▶ **Exercise details**
For this exercise, write out only the lines of the entries below from the one with "Leslie Phillips dio" up to and including the one with "Jordan Paris Saint-Germain", exactly as they are. Pictures stay out.

▶ **Data listing**
• • • •

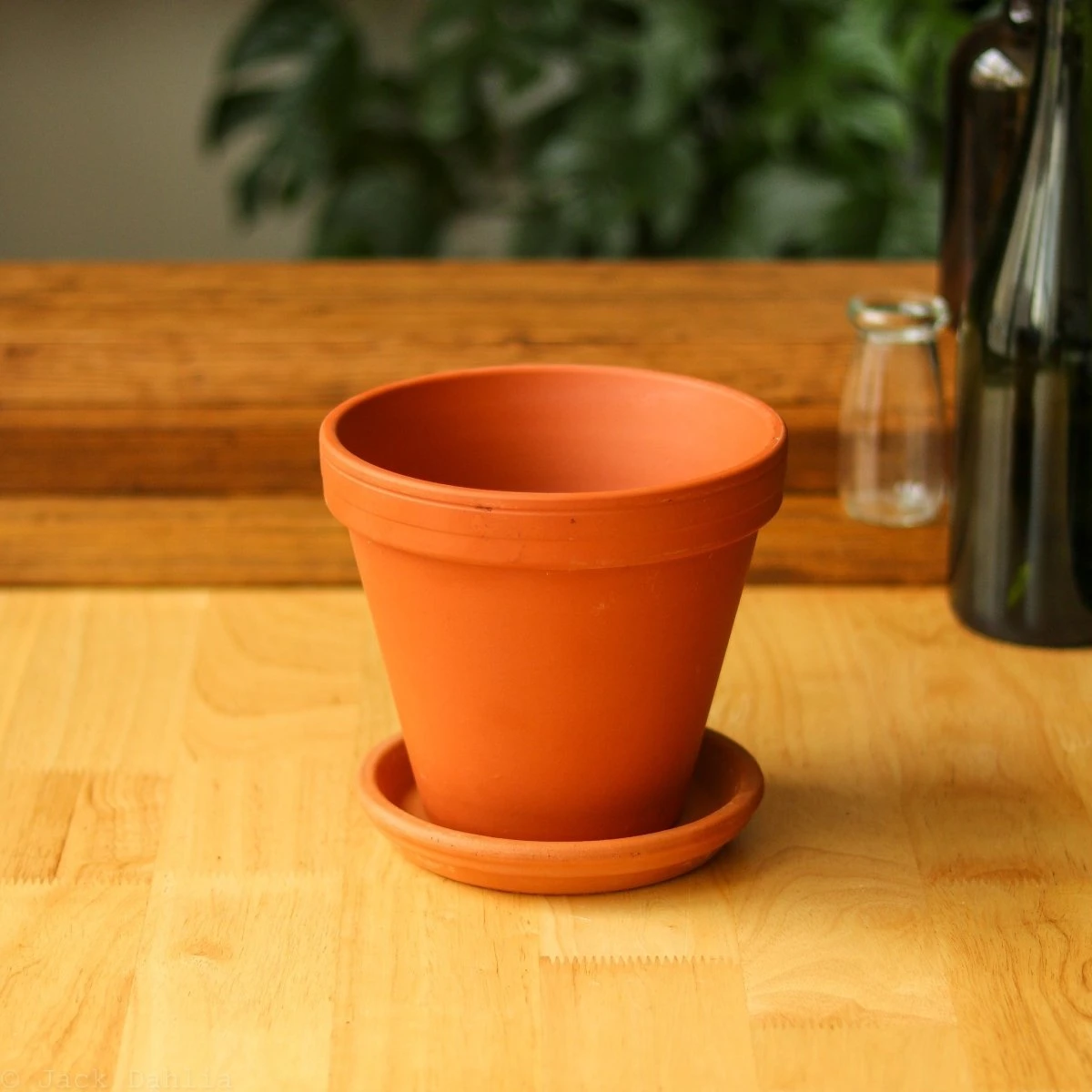 Classic Terracotta Planter Pot With Matching Water Saucer 6 Classic Terracotta Planter Pot With Matching Water Saucer - Image 4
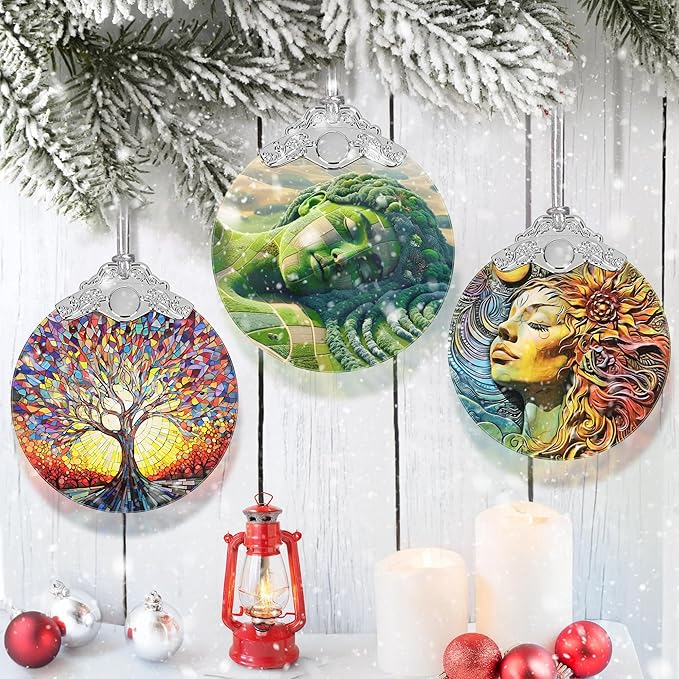 Stained Glass Christmas Ornaments - Tree Decorations - Gifts for Friends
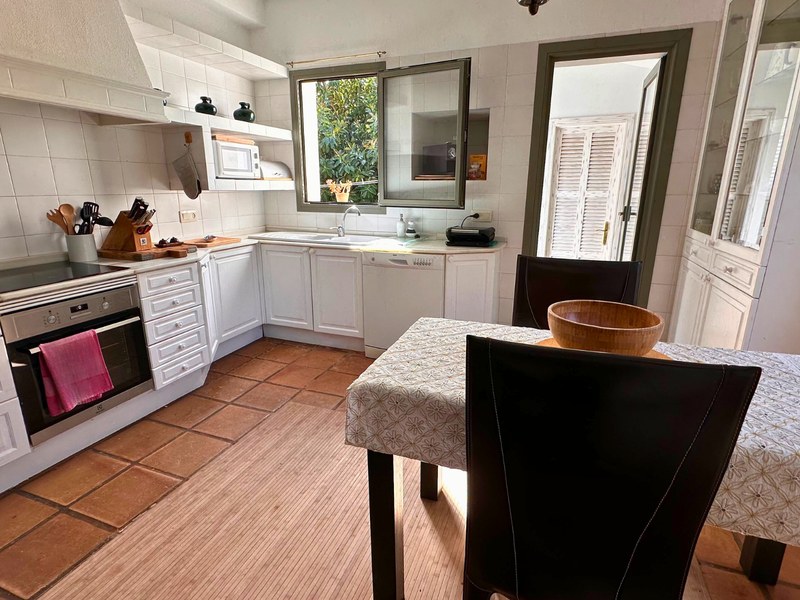 The kitchen at Casa Son Cabaspre as it stands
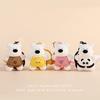 West Highland Terrier Pendant Plush Toy Puppy Car Keychain Dog Doll Accessories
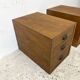 Paire de table de chevet vintage 50's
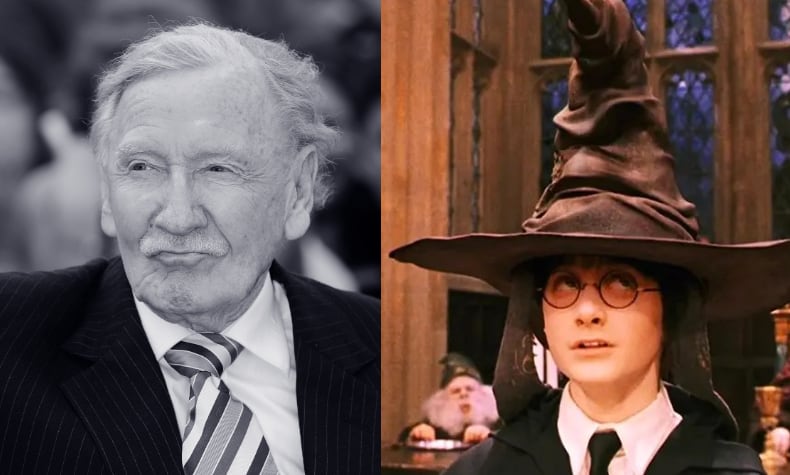 Leslie Phillips dio su voz al Sombrero Seleccionador de Harry Potter
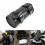 (As show, One size) Universal Motorcycle PU Leather Tool Bag Front Fork Handlebar Storage 5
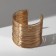 Bracelet "Cuff" threads, color gold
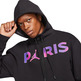 Jordan Paris Saint-Germain Full-Zip Fleece Hoodie "Black"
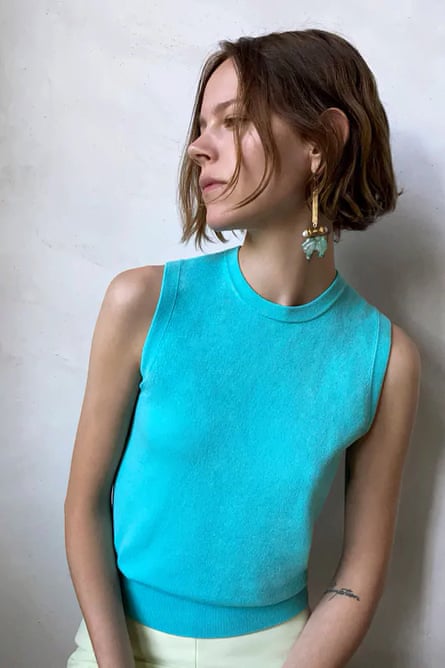 Zara knit top, £15.99.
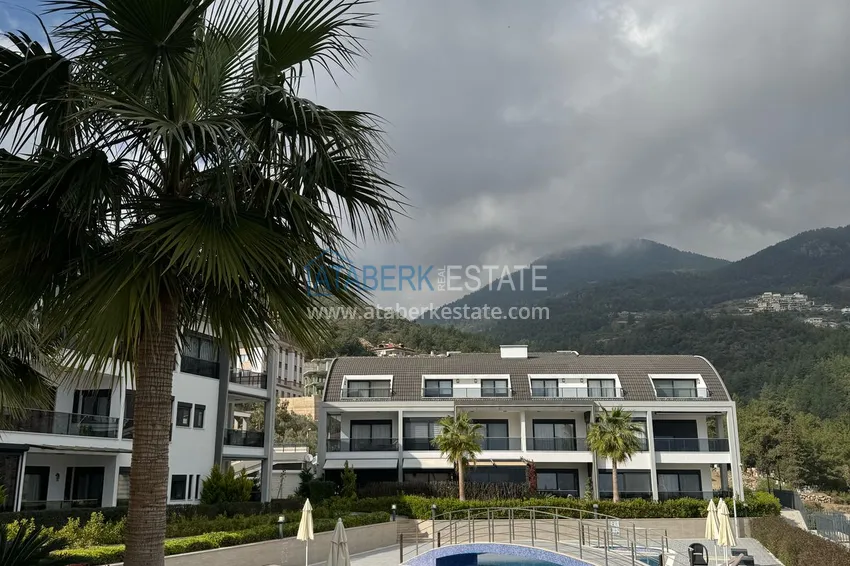 Trzypokojowe mieszkanie w Alanya, dzielnica Tepe - umeblowane i z panoramicznym widokiem	 3 
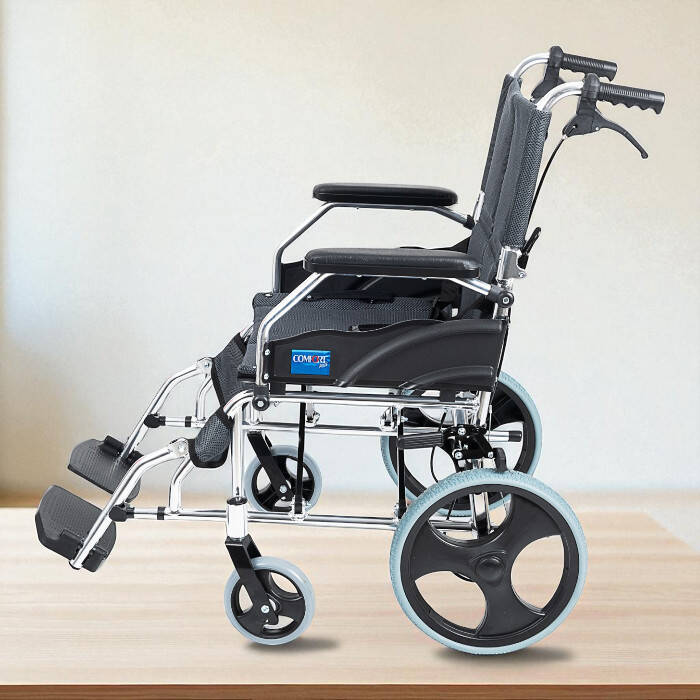 Comfort Plus KY863LABJ -A12 Füme Alüminyum Transfer Özellikli Tekerlekli Sandalye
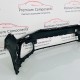 VW Golf R-line Front Bumper Skin Genuine Black Mk8 2020 - 2024 [i41]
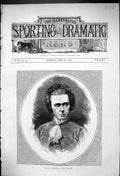 Original Old Antique Print 1875 Portrait Mr Sothern David Garrick Theatre Actor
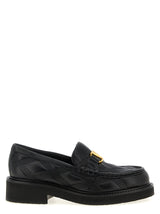 Mocassins à enfiler Valentino Garavani en cuir d'agneau noir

• • • •

▶ **Written reply**
 Leslie Phillips dio su voz al Sombrero Seleccionador de Harry Potter
 (As show, One size) Universal Motorcycle PU Leather Tool Bag Front Fork Handlebar Storage 5
 Bracelet "Cuff" threads, color gold
 Jordan Paris Saint-Germain Full-Zip Fleece Hoodie "Black"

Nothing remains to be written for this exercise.